Patrick Fölser - Copyright: ÖHB/Agentur DIENER/Eva Manhart

Die Weltmeisterschaft 2019 ist seit vergangenen Sonntag Geschichte. Mit Gastgeber Dänemark setzte sich die Heim-Mannschaft durch und holte sich im Finale souverän den WM-Titel gegen Norwegen. Österreich belegte in der Endabrechnung Rang 19. Im Interview spricht ÖHB-Sportdirektor Patrick Fölser über den neuen Weltmeister und zieht eine erste Bilanz zum Abschneiden der österreichischen Nationalmannschaft.

Herr Fölser, mit Dänemark hat sich einer der Gastgeber der vergangenen Weltmeisterschaft durchgesetzt. Haben sich die Dänen ihren ersten WM-Titel verdient abgeholt?

Patrick Fölser: "Absolut! Dänemark war über das gesamte Turnier die konstanteste Mannschaft. Es war beeindruckend zu sehen, mit welcher Konsequenz und Überzeugung sie dieses Turnier bestritten haben. Dänemark hat vom ersten bis zum letzten Spiel niemals Zweifel aufkommen lassen, wer am Ende den Weltmeistertitel holen wird. Ihr Tempospiel und ihre körperbetonte Spielweise, gepaart mit der unglaublich hohen Qualität auf jeder Position, aber auch die taktischen Möglichkeiten die Gegner vor neue Aufgaben zu stellen, war beeindruckend. Der Heimvorteil in Herning, mit 15.000 Zuschauern bei jedem Spiel, hat der Mannschaft noch den letzten Kick gegeben. Zusammengefasst ein mehr als verdienter Weltmeister!"
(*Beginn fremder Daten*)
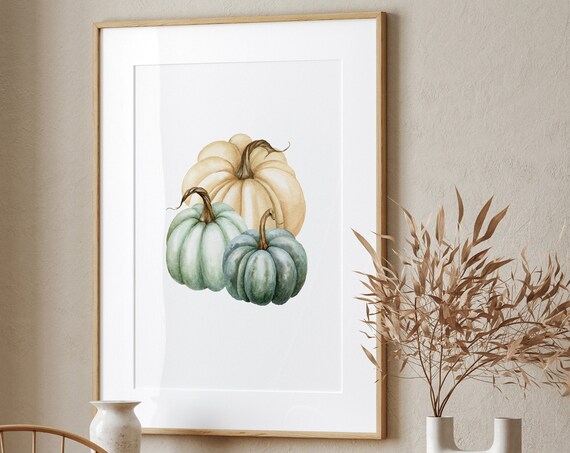 Muted Watercolor Pumpkins Fall Harvest Seasonal Wall Decor Poster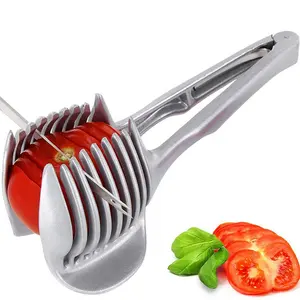 Tomato Slicer Lemon Cutter Stainless Steel Handheld Round Fruit Guide Tongs Easy Slicing Kiwi Fruits Tools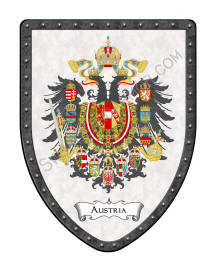 The Royal Coat of Arms of Austria on a white crackle background shield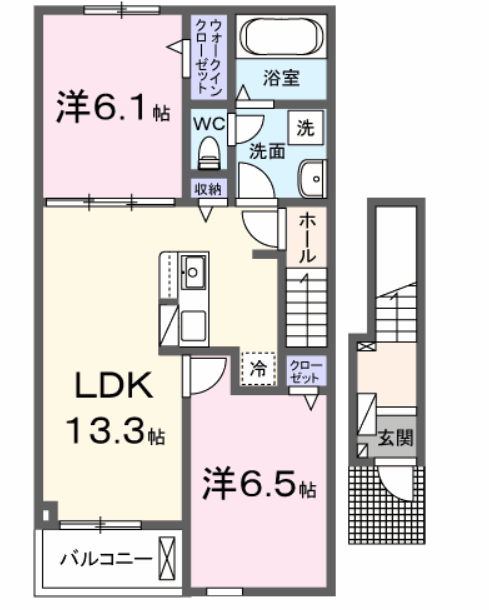 プリムラ Ⅰ(2LDK/2階)の間取り写真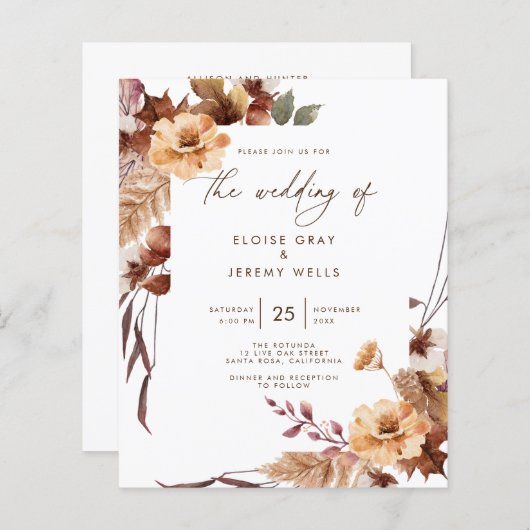 Einladung zur Hochzeit | November (Vorne/Hinten)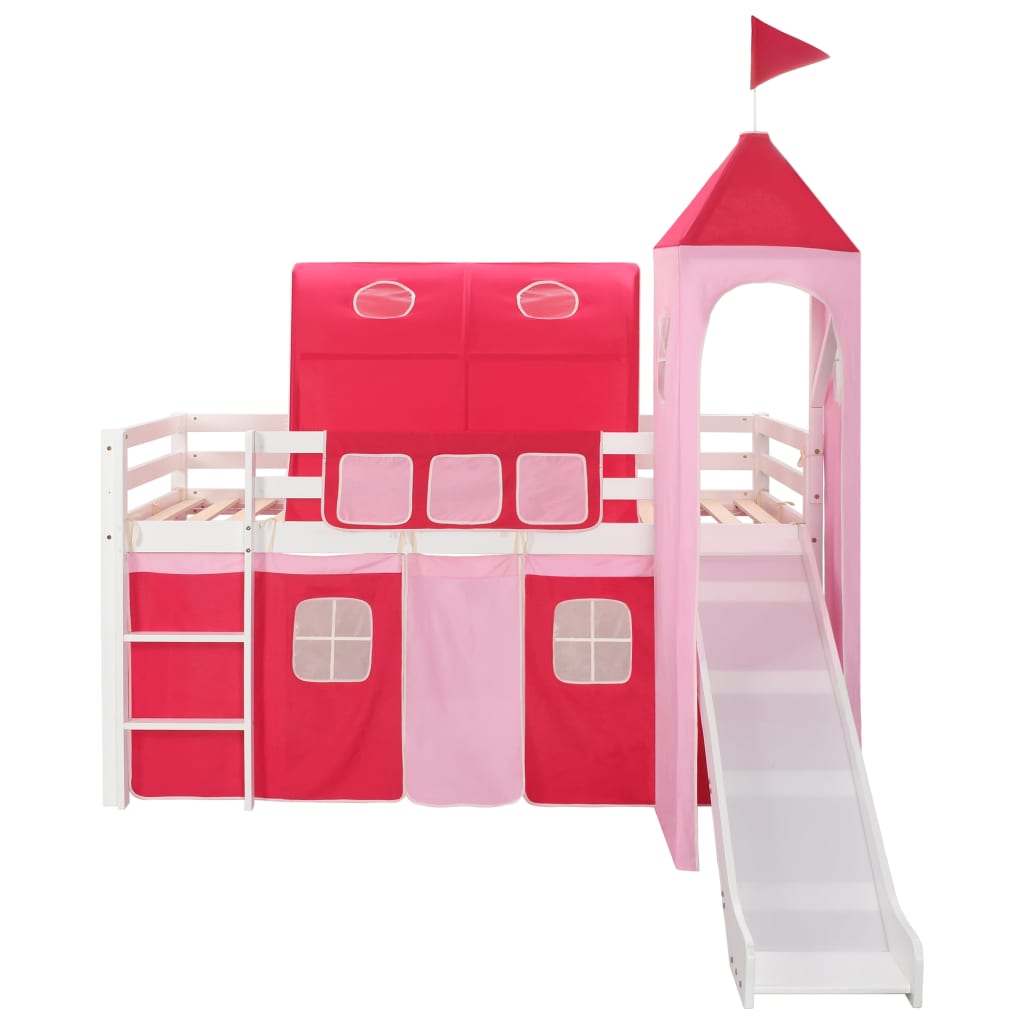 vidaXL Children's Loft Bed Frame with Slide Ladder Pinewood 208x230 cm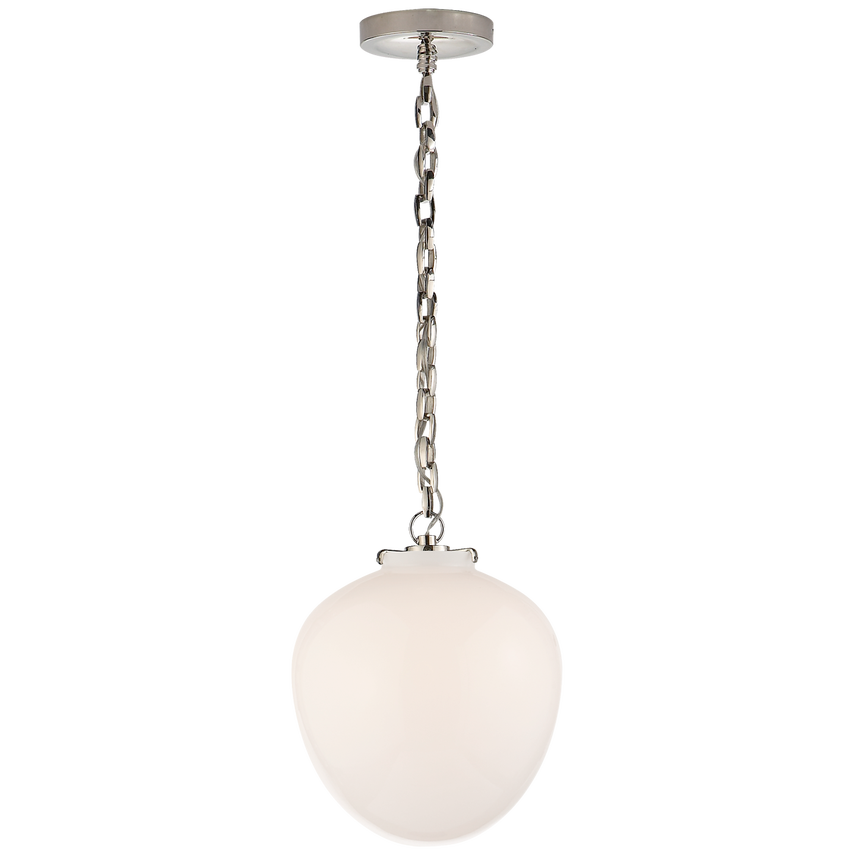 Katie Acorn Pendant with White Glass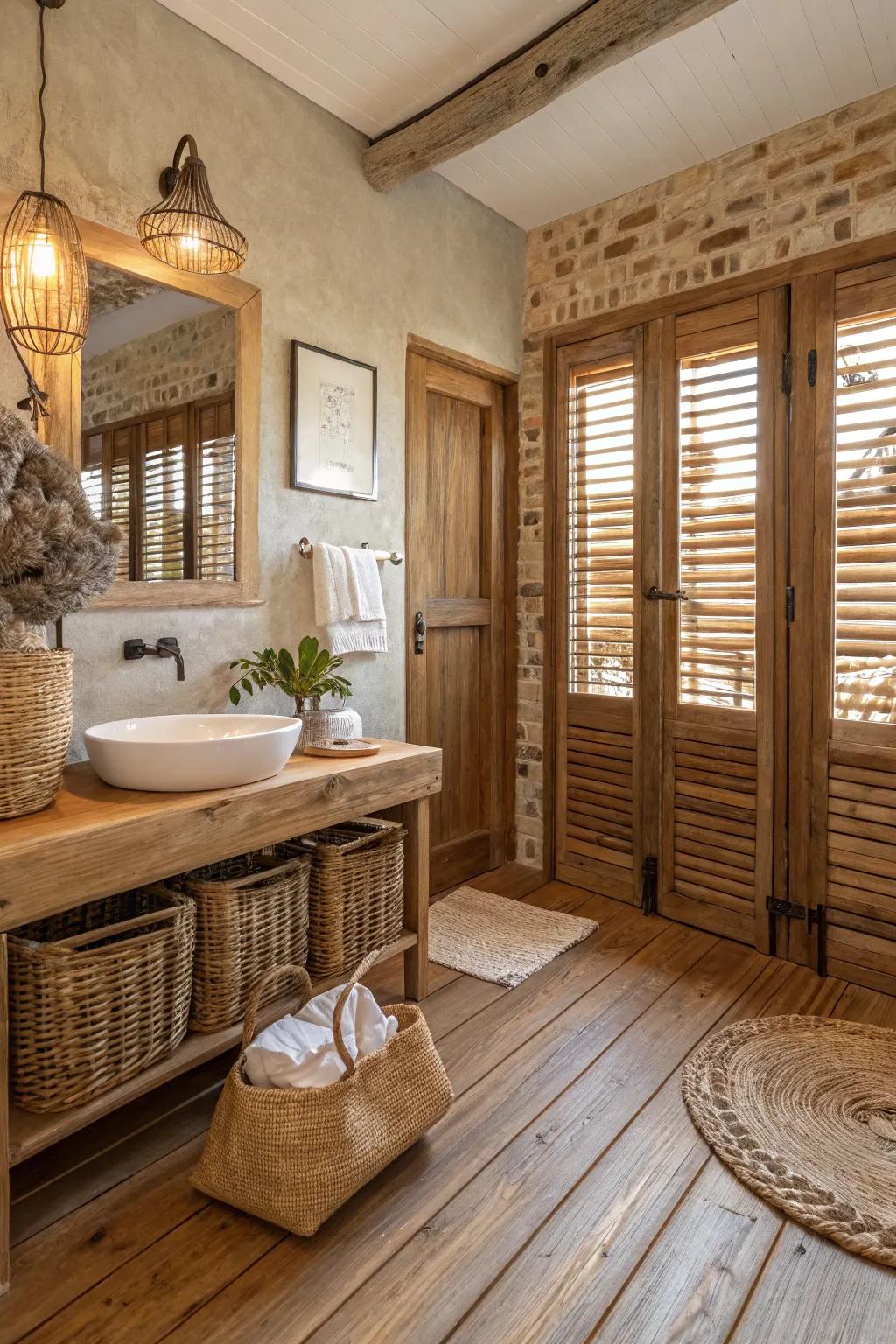 Natural wood shutters infuse your bathroom with warmth and an organic charm.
Blicken wir zurück auf das Abschneiden der österreichischen Mannschaft bei diesem Turnier: Österreich ist mit einem Sieg gegen Saudi-Arabien standesgemäß in das Turnier gestartet. Alles schien nach Plan zu laufen, doch dann folgte die überraschend deutliche Niederlage gegen Chile.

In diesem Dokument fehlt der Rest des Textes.